Монах вдруг смолк, опустил голову, пряча глаза… Омрачённость своей души он не хотел выказывать ни Богу, ни человеку.

— Пошто рек мне о сильных, ведая, что я боярин? — тихо спросил Челяднин.

— Не тебе рек, сын мой, — Богу. Ты — боярин, обаче сила твоя не в том. Сила твоя в разумении Бога. К Богу придёшь ты…

— Пошто речёшь так?

— Вижу тя… Душу твою.

— Имя моё знаешь?

— Не ведаю имени. Имя твоё — от людей, душа — от Бога. Имя может быть высоким, душа — низкой.

— Спаси Бог тебя, святой отец!

— Пошто благодарствуешь? Не лестью одариваю… Душу твою узрел пред ликом его. Не сокрыта от глаз его нечистьбы и двудушия. Притворник жалок пред ним, чистый — просветлён.

— Не чист я, отче…

— Истинно, сын мой… Наиблаг токмо един Бог. Помолимся, сын мой, во имя его, да спасёт он нас.
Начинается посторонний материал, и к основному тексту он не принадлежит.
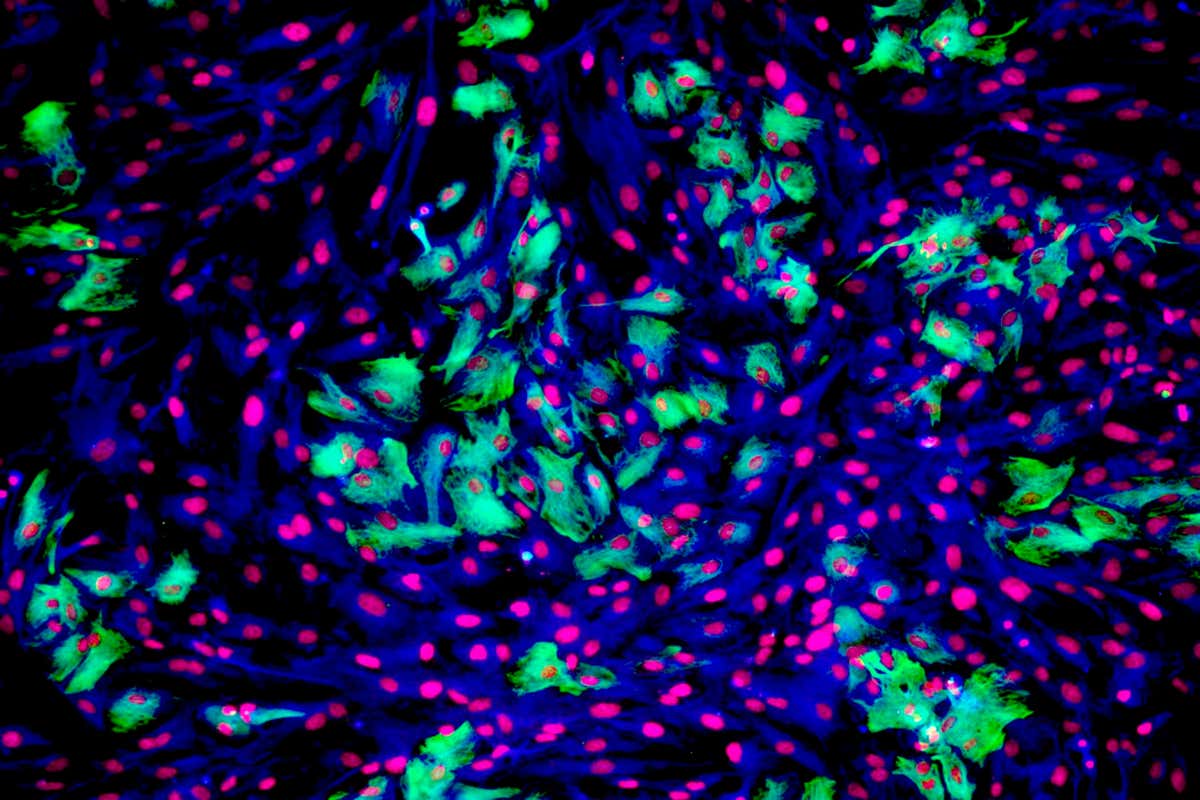 Astrocyte brain cells. Fluorescence light micrograph of primary astrocyte cells from the brain of a mouse. Astrocytes have numerous branches of connective tissue that provide support and nutrition to the neurons (nerve cells) of the brain. Glial fibrillary acidic protein (GFAP) is green; cell nuclei are magenta; actin filaments are blue.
Монах принялся усердно молиться. Челяднин тоже прочёл молитву… От скопившейся в храме тишины позванивало в ушах — это отвлекало Челяднина. Молитва его получилась нестройной, с пропусками. Он укорил в душе сам себя, сосредоточенно, слово в слово повторил молитву.

Монах словно забыл о нём. Челяднину хотелось попрощаться с ним, но отрывать его второй раз от молитвы он не решился. Тихо отступил, последний раз посмотрел в глаза Спаса — они истово, как благословением, осенили его спокойствием.